After I printed all that, my son suggested that he would like the states better if they had holes in the middle so they could be stacked on posts, and he was completely right — that would be much better. Dammit!

We decided to use pencils for the posts because 3D printed long, thin rods can break very easily. Plus, the pencils look cool. These models are half the height of the ones above, so that they can fit on the pencils. We also printed some donkey and elephant bases, and a little measuring stick that corresponds to the desired 270 electoral votes (you can see it in the back behind the blue states).
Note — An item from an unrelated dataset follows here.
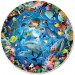 A Broader View 383 Ocean View 500-piece Round Puzzle ABW383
Electoral votes by *volume*

These models give the first volumetrically accurate representation of each state’s electoral votes that I am aware of. We’ve all seen that 3D map of the U.S. where each state is given the height of its electoral votes, but that still doesn’t take into account the fact that different states with the same number of electoral votes could differ in land area, and thus still appear at different relative sizes.

Consider the excellent 3D-printable Electoral Vote Map from TheNewHobbyist on Thingiverse. Look at Massachusetts and Alabama, for example; each has 11 electoral votes, and thus the same heights — but they have very different land areas (you can barely see Massachusetts!), and thus very different volumes, so they don’t feel like they contribute the same amount:

That problem is fixed in my new 3D-printable models; in these models Massachusetts and Arizona have been resized to have the approximately the same land area, so that they look and feel the same size when printed:

Which colors?

I’ve printed the states in blue and red for solid Democratic/Republican states, with toss-up and leaning states printed with silver glitter filament for “sparkle states” — who knows what will happen? To choose the appropriate color for each state, I used the data at fivethirtyeight.com and 270towin.com; see the map below. You can print your states in any colors you like.  :)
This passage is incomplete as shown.